Australia's intention had been for East Timor to stay part of Indonesia. Howard made that clear in the letter he sent to then Indonesian president B.J. Habibie, a letter that Downer says he initiated.

It suggested a process that would "allow time to convince the East Timorese of the benefits of autonomy within the Indonesian republic", followed by an act of self-determination. Like every government before and after, whether Labor or Coalition, the Howard government placed much higher priority on a good relationship with Indonesia than on the fate of a few hundred thousand East Timorese.

There was no enthusiasm for a new and potentially unstable mini-state on Australia's doorstep.

But the mercurial Habibie opted instead for a ballot offering East Timorese a choice between autonomy under Indonesian rule and Full independence. From there, events moved largely out of Australia's control.

So keen was Downer to keep the Indonesians on side that he denied Jakarta was orchestrating the violence in the months leading up to the vote. "Rogue elements" might be involved, he said, but "I do accept the Indonesian government's word for it that it's not official Indonesian policy".

Last week a three-year joint inquiry by the Indonesian and East Timorese governments confirmed what Australian intelligence was telling Canberra in 1999: that the Indonesian military, together with police and civilian authorities, organised and funded the violence that left 1500 people dead and destroyed significant parts of the country. Downer's response? He had known that elements of the Indonesian military were behind the violence but he didn't think Habibie had sanctioned it.

Writing in a recent edition of the journal Security Challenges, White, now professor of strategic studies at the Australian National University, says Downer's comments in 1999 went "against the clear weight of intelligence reporting and assessment", and adds tactfully: "This perhaps reflected a desire not to damage relations with Indonesia and especially with TNI (the Indonesian armed forces)."
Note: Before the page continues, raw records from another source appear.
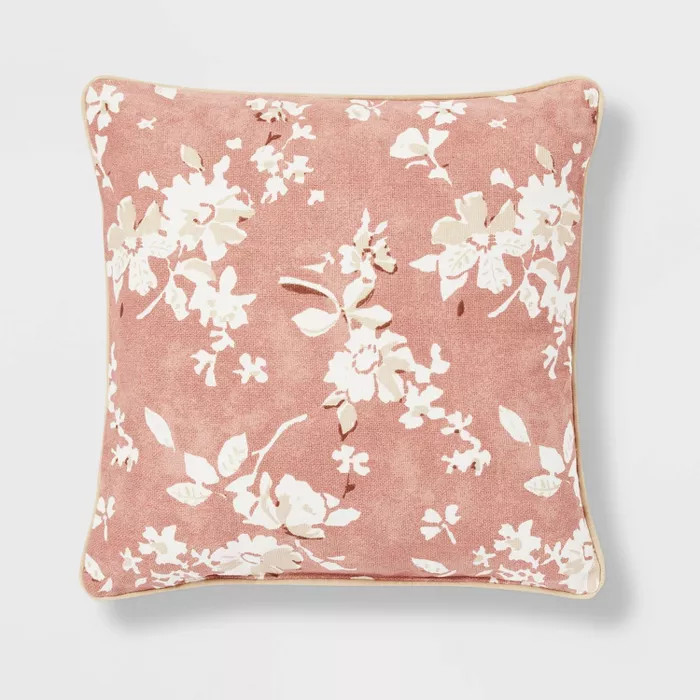 Floral Printed Square Throw Pillow - Threshold™ | Target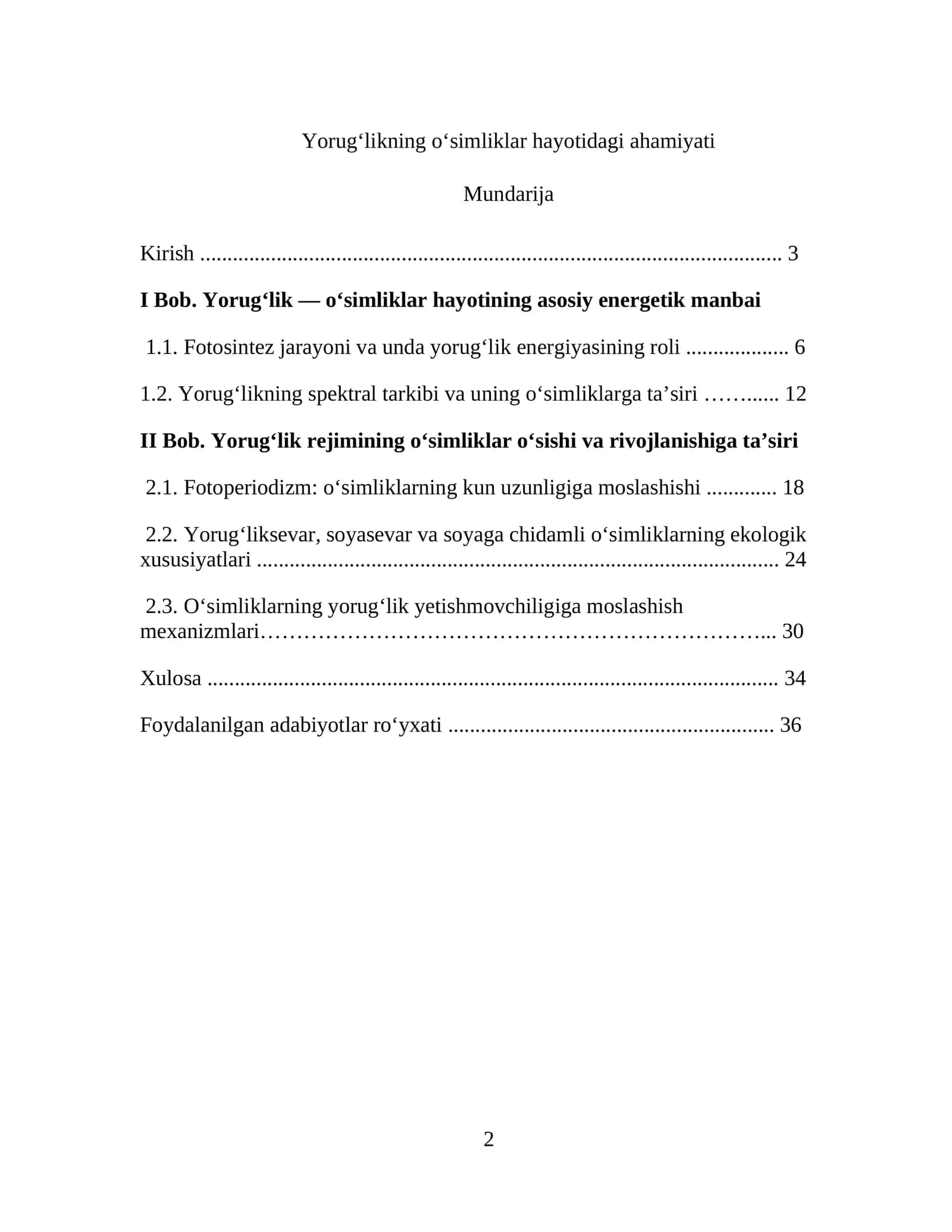 Yorugʻlikning oʻsimliklar hayotidagi ahamiyati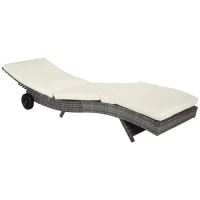 Outsunny Outdoor Adjustable Wicker Chaise Lounge Chair with Cushion & Wheels for Patio, Deck, Poolside, Cream White(m-2)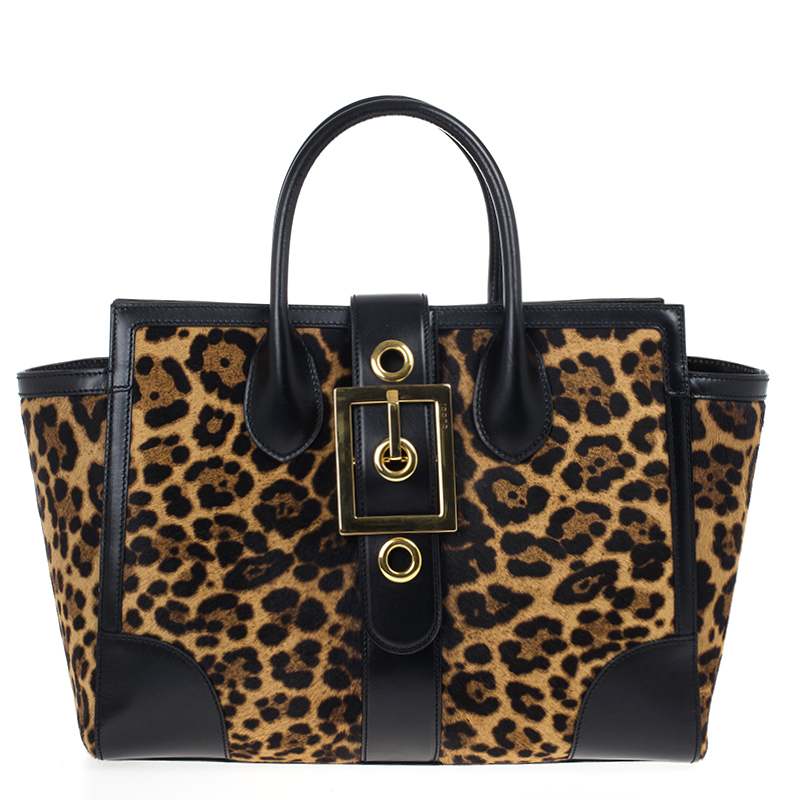 Front view of the Gucci Lady Buckel Jaguar Print Top Handle Bag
But at what cost? In early 1999, before the vote at the end of August, US assistant secretary of state Stanley Roth wanted a concerted international push for a peacekeeping force. Then Department of Foreign Affairs and Trade secretary Ashton Calvert argued such a course would be counterproductive.

White says it is uncertain whether Howard pushed for an international peacekeeping force when he met Habibie in April and, if so, how hard. He adds that there was strong resistance from Indonesia to such an idea. But he concludes: "It may well be that by not pushing harder at this time, both directly with Habibie and through others like the UN and the US, we missed the last best chance to avoid the disasters of September (the post-ballot violence)."

The initiative Howard took after the ballot for an Australian-led international force succeeded in restoring order and Australia maintains an important presence in East Timor today. But White's point is that it turned out very differently to what the government had intended. The aim had been to avoid sending a large Australian military force to East Timor. The belated intervention severely strained relations with Indonesia and the Indonesian army. Hopefully, even if its creation was more by accident than Australian design, East Timor will be able to develop beyond a fragile state with Australian assistance.

Downer is in New York, sizing up his job as UN special envoy to Cyprus. Presumably, all is forgiven, including his lecture to the UN General Assembly two years ago: "Effective international action on the great global challenges of our time requires more than resolutions in the (UN)... It requires proactive policy, not political posturing and personal abuse from this podium."

Of course, Downer has a point about the UN's lack of effectiveness. Hopefully, he will find a resolution to the Cyprus problem that has eluded the Greeks, the Turks and the UN for the past 34 years. But it is a pity the Howard government did not take more notice of the UN when it was asking for more time for its weapons inspectors, rather than barging into Iraq with the US and Britain.

Downer maintained his confidence about finding weapons of mass destruction months after the invasion and when it had become clear to many others that none existed. When Downer was looking for a scapegoat for AWB paying huge bribes to the tyrant we went to war against and doing so under the noses of the Australian government, he picked the UN.

Downer has achievements to his name as foreign minister, including a peace agreement in Bougainville and the regional assistance mission to Solomon Islands.

He contributed to what diplomats call the international architecture, gaining Australian access to the East Asia group, initiating negotiations on free trade agreements with Japan and China, and coming up with a trilateral strategic dialogue with Japan and the US.

But he also was involved in some calamitous mistakes. And we could have done without the hubris.